_AIM OF THE EXERCISE_
Omit pictures and quote the listing below line by line, from its start through the line that holds "Hello, good day".

_RECORDED DATA_
· · · · · · ·

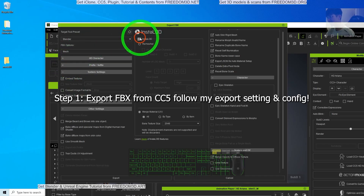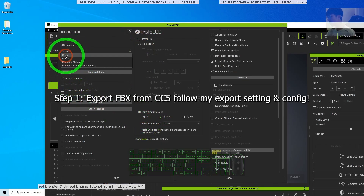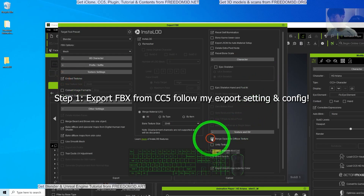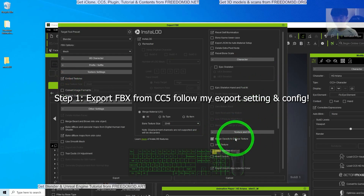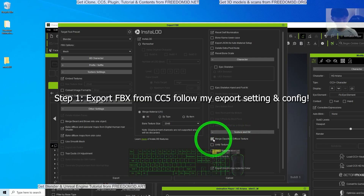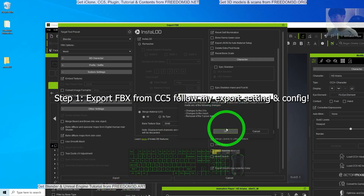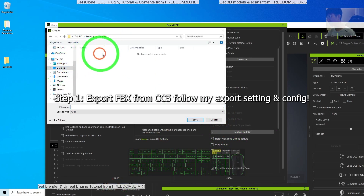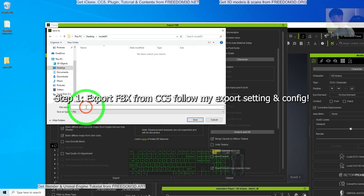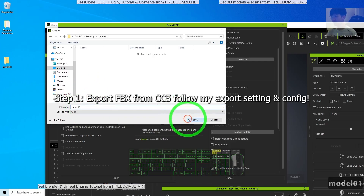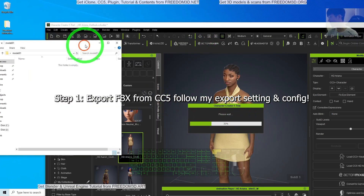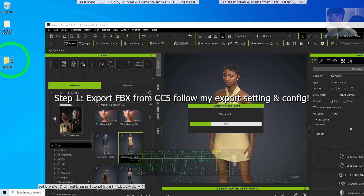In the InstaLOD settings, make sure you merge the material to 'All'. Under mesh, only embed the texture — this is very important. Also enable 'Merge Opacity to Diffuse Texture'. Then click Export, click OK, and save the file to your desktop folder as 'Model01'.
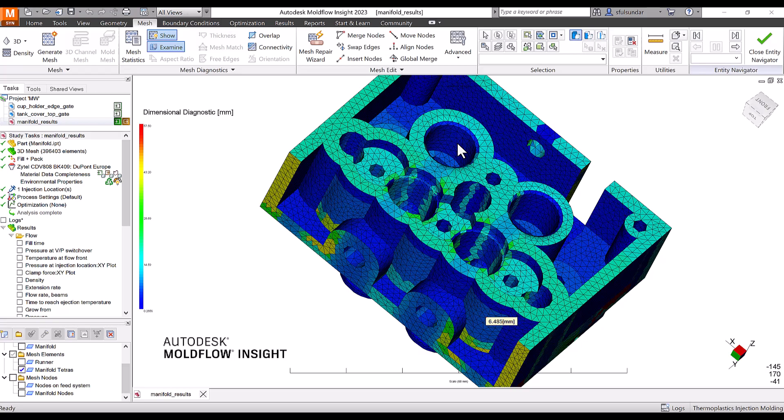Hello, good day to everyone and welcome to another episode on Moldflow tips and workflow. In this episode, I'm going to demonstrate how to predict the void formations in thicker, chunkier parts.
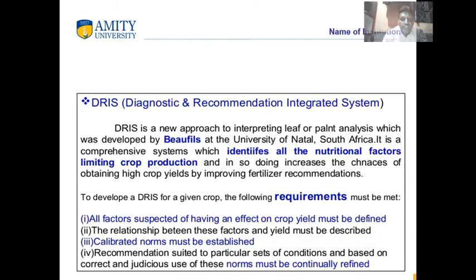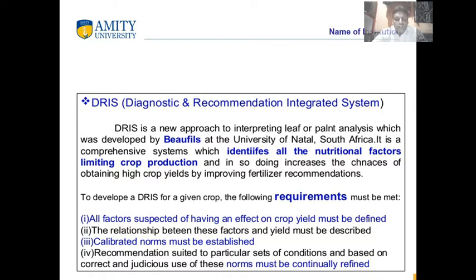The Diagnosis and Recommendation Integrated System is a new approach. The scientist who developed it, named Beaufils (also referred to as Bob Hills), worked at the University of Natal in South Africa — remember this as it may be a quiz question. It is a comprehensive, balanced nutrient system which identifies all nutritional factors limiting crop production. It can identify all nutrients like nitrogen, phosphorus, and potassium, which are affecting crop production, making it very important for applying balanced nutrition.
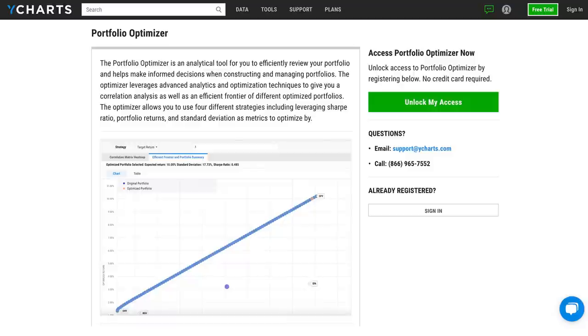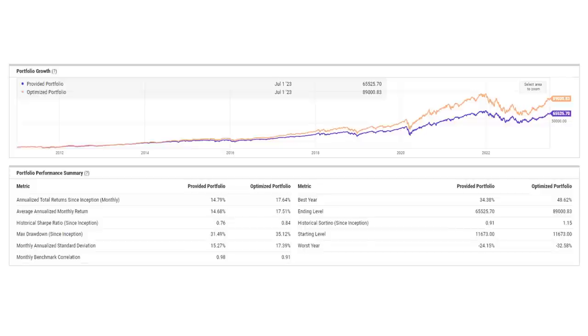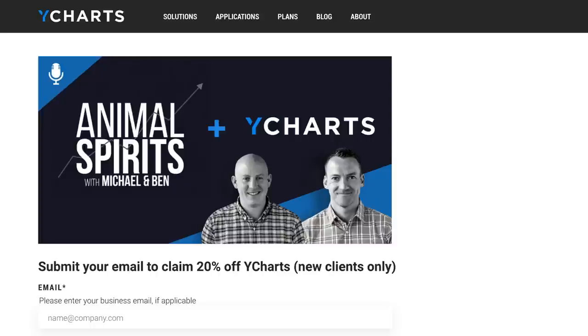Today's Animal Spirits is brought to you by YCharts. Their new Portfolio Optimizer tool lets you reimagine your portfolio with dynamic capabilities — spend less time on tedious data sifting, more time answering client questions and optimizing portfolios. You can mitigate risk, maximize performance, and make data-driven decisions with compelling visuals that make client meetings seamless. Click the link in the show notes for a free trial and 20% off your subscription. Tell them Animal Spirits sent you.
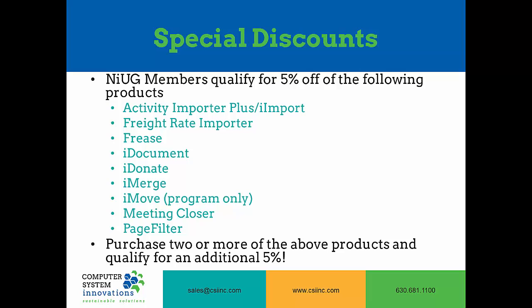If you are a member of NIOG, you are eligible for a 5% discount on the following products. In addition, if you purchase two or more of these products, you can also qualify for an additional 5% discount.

· · · · · · ·

_REPLY TO THE TASK_
In the InstaLOD settings, make sure you merge the material to 'All'. Under mesh, only embed the texture — this is very important. Also enable 'Merge Opacity to Diffuse Texture'. Then click Export, click OK, and save the file to your desktop folder as 'Model01'.
Hello, good day to everyone and welcome to another episode on Moldflow tips and workflow. In this episode, I'm going to demonstrate how to predict the void formations in thicker, chunkier parts.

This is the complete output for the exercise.